Now if this were one of those rare forays out of state by Gov. Mitt Romney, it wouldn’t even raise an eyebrow. But let’s face it, Romney has virtually abandoned this state - unless, of course, it suits his purposes to come racing in to hold an I’m-in-charge-here news conference in the midst of last week’s flooding. (He actually had to cancel a fund-raiser and a trip to Wisconsin to reassure the good people of Methuen and Peabody that he would keep them safe from “looters.”)
If this - and his earlier trip to Guantanamo Bay, Cuba - is Romney’s way of puffing up his foreign policy credentials in advance of a presidential run, it’s a fairly pathetic effort. But, according to the Associated Press, Romney has been out of state about half the business days of every month since the start of the year. The people of Massachusetts deserve better than that kind of absentee stewardship.
***************
They also said this about Mitt the Snit:
So there’s no way Gov. Mitt Romney isn’t going to take advantage of his last year in office to engage in this utterly shameless exercise - made all the more amusing by the attendant spin. The governor’s visit to the U.S. prison at Guantanamo Bay, Cuba a month ago was supposed to be a chance to update officials there on Massachusetts’ “best practices” in its prisons.
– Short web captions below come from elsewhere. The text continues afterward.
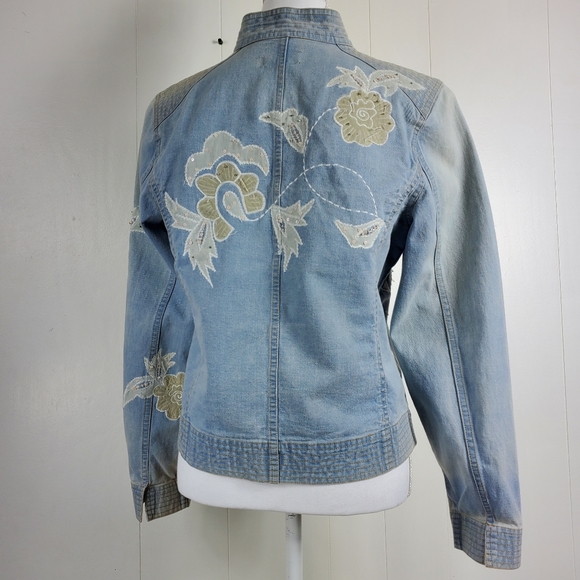 Christopher & Banks jean jacket with floral embroidery size small - Picture 9 of 12
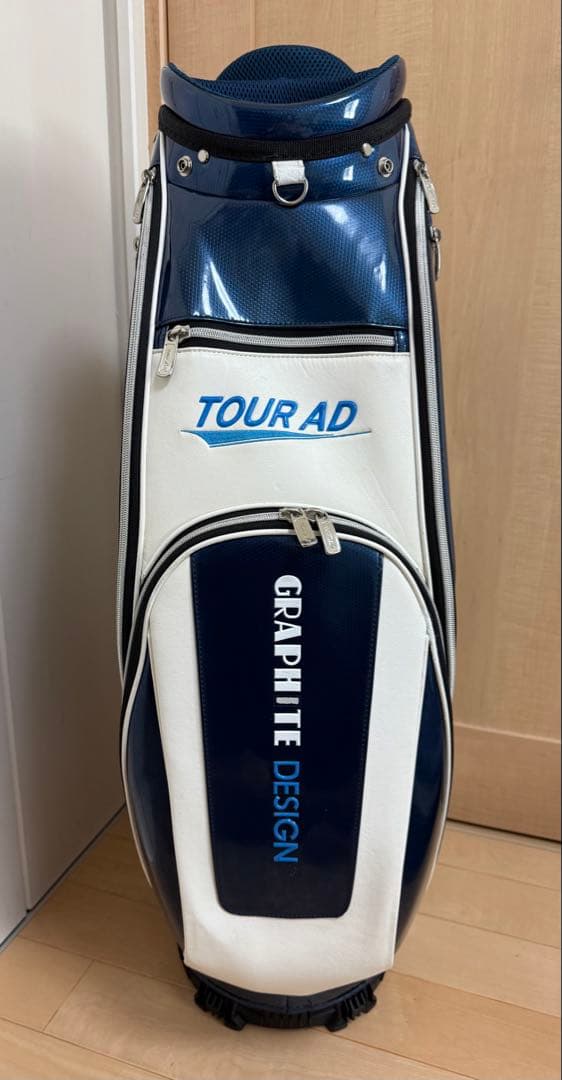 美品★ツアーAD★キャディバッグ★ゴルフ★グラファイトデザイン★ツアーモデル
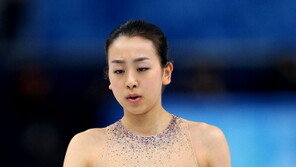 아사다마오 16위 日누리꾼 격분 “김연아와 라이벌? 엉터리 거짓말!”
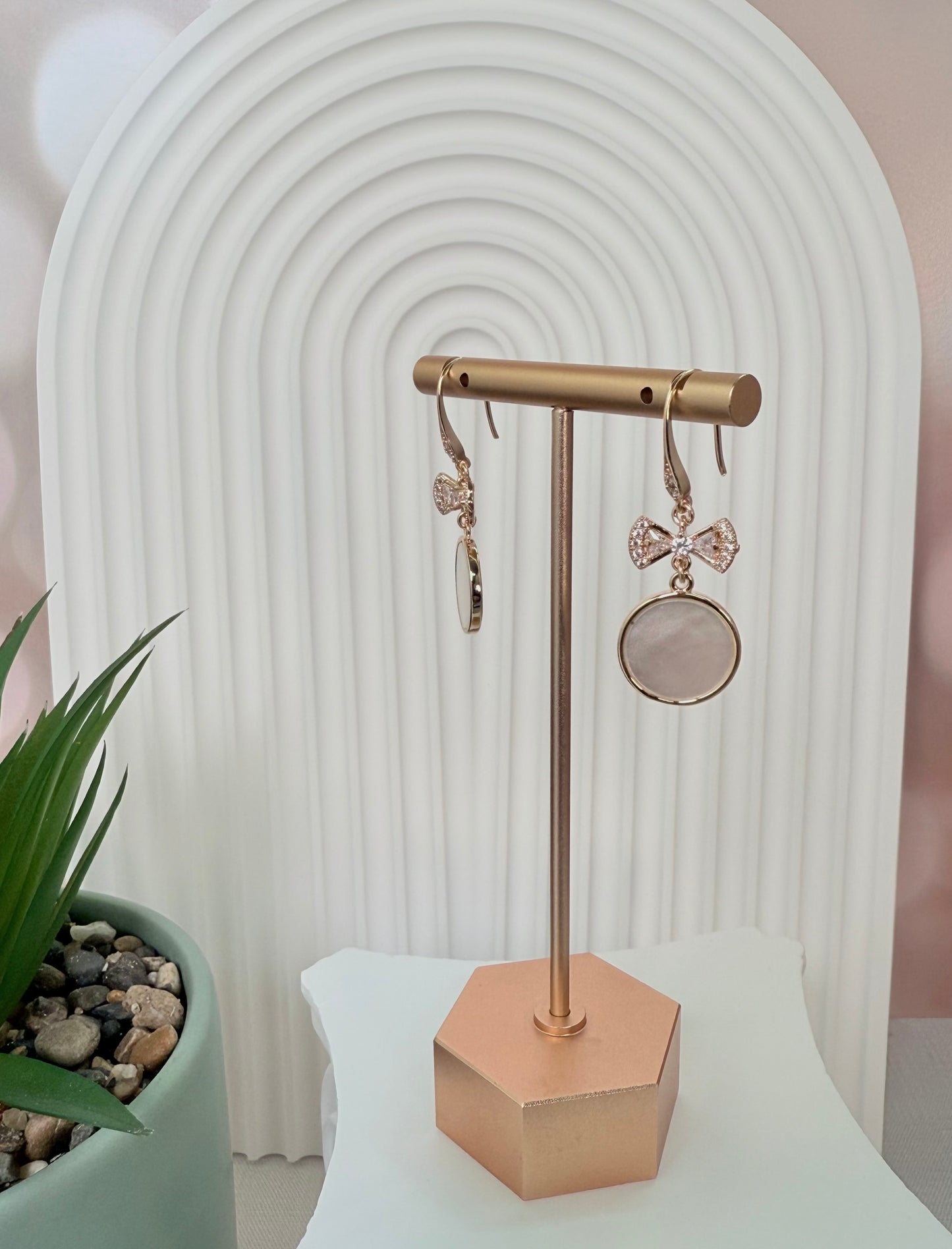 Circle Pearl and Bow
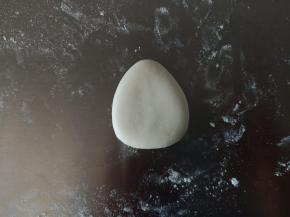 9.20克白色面团整形成大水滴状，压扁
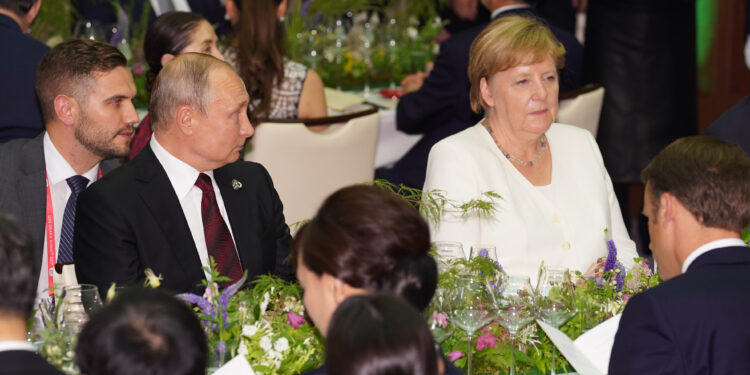 „Srbija je potrebna Evropi da odvoji Nemačku od Rusije“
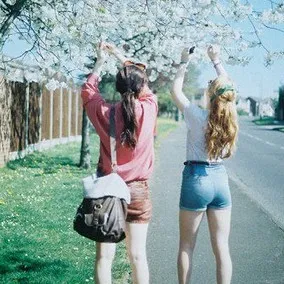 高清女孩QQ头像第1张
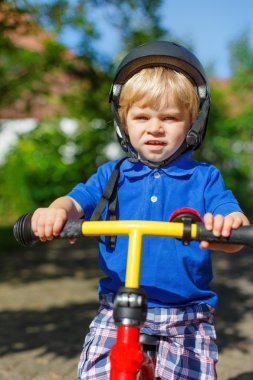 yürümeye başlayan çocuk onun sektörlerine yaz aylarında at binme.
His current trip to Iraq and Afghanistan is “about seeing our men and women from Massachusetts” serving there, he said. Although he’ll also be stopping in Pakistan and getting some face time with Afghan President Hamid Karzai. All so at some appropriate moment he can say, “As I was saying to Hamid Karzai last time I was in Kabul. . .”
Of course, Sen. John Kerry could so one-up him on that score. In brief remarks last Friday to the New England Council, Kerry dropped enough names of foreign leaders to fill several rows of the U.N. General Assembly, including that of Pakistani President Pervez Musharraf and Karzai (who was the star attraction at a Georgetown dinner party thrown by John and Teresa).